*Required action*. The line containing "Ariana Shapewear Midi Dress - Black" marks the end: write out exactly every line from the first line of the data below through that line, and only those.

*Records supplied*.
──────────────────────────────

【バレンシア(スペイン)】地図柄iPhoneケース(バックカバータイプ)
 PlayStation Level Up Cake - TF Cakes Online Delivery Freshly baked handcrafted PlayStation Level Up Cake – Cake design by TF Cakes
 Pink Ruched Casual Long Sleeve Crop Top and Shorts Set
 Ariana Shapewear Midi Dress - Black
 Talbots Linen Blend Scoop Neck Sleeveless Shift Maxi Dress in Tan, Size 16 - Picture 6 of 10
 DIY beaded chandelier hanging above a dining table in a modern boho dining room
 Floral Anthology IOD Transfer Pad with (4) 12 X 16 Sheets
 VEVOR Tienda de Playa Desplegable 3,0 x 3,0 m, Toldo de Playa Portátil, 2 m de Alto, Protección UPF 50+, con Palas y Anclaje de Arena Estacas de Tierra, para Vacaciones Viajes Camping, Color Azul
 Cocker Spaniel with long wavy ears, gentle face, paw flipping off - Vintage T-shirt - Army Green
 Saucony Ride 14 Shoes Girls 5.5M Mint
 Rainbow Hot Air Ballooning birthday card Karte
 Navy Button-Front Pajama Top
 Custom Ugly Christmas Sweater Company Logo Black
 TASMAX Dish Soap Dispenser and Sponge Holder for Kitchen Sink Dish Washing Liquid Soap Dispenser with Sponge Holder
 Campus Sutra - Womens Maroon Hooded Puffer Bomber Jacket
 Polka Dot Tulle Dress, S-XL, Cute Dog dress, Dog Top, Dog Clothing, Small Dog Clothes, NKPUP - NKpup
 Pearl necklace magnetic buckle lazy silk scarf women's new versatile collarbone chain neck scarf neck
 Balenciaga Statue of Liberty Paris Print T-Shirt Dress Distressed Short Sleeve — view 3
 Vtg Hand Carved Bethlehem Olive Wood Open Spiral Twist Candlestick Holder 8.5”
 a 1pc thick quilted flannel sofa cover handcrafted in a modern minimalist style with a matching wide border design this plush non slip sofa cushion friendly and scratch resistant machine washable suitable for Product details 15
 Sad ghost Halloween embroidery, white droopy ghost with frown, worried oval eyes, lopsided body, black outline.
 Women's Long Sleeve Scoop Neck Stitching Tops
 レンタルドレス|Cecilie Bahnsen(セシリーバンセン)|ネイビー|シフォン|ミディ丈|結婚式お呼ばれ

──────────────────────────────

*Task result*.
【バレンシア(スペイン)】地図柄iPhoneケース(バックカバータイプ)
 PlayStation Level Up Cake - TF Cakes Online Delivery Freshly baked handcrafted PlayStation Level Up Cake – Cake design by TF Cakes
 Pink Ruched Casual Long Sleeve Crop Top and Shorts Set
 Ariana Shapewear Midi Dress - Black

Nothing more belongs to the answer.